Herbert George Wells, souvent abrégé en "H.G.", est sans conteste un des piliers fondateurs de la science fiction. Avec une connaissance profonde de son art, il a osé présenter des concepts révolutionnaires et a ainsi posé les fondations solides du genre. Outre "La machine à explorer le temps" ou "l homme invisible", il a plongé les lecteurs dans une invasion extraterrestre mémorable avec "La guerre des mondes". Ces aventures soulignent l'idée que, bien que la science soit un moyen précieux pour l'humanité, elle peut aussi être notre perte si elle est mal utilisée.

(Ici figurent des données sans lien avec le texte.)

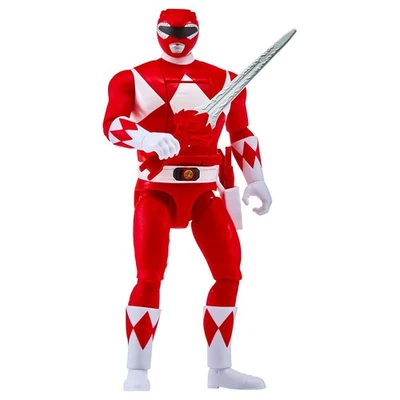 Power Rangers Red Ranger Figure - Mighty Auto Morphin Power Rangers Re-igntion - Image 1 of 3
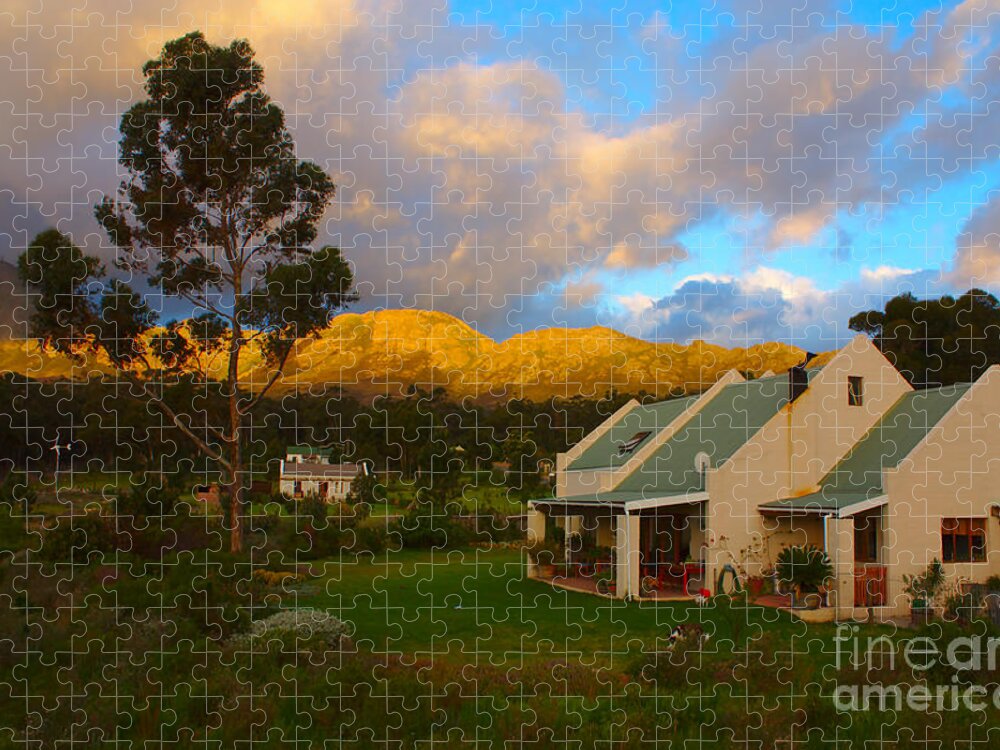 Western Cape Jigsaw Puzzle featuring the photograph Cape Sunset by Jeremy Hayden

L'impact de Wells sur la science-fiction
Wells transforme ici les tensions de l’Angleterre industrielle en expérience de pensée. Le Voyageur suppose d’abord que les Éloïs descendent des classes oisives et les Morlocks des travailleurs relégués sous terre. Le roman complique ensuite cette lecture : les anciens dominés sont devenus les prédateurs des anciens privilégiés. Cette explication reste l’hypothèse d’un narrateur confronté à un futur qu’il comprend imparfaitement, ce qui rend la satire plus riche qu’une simple équivalence entre deux classes.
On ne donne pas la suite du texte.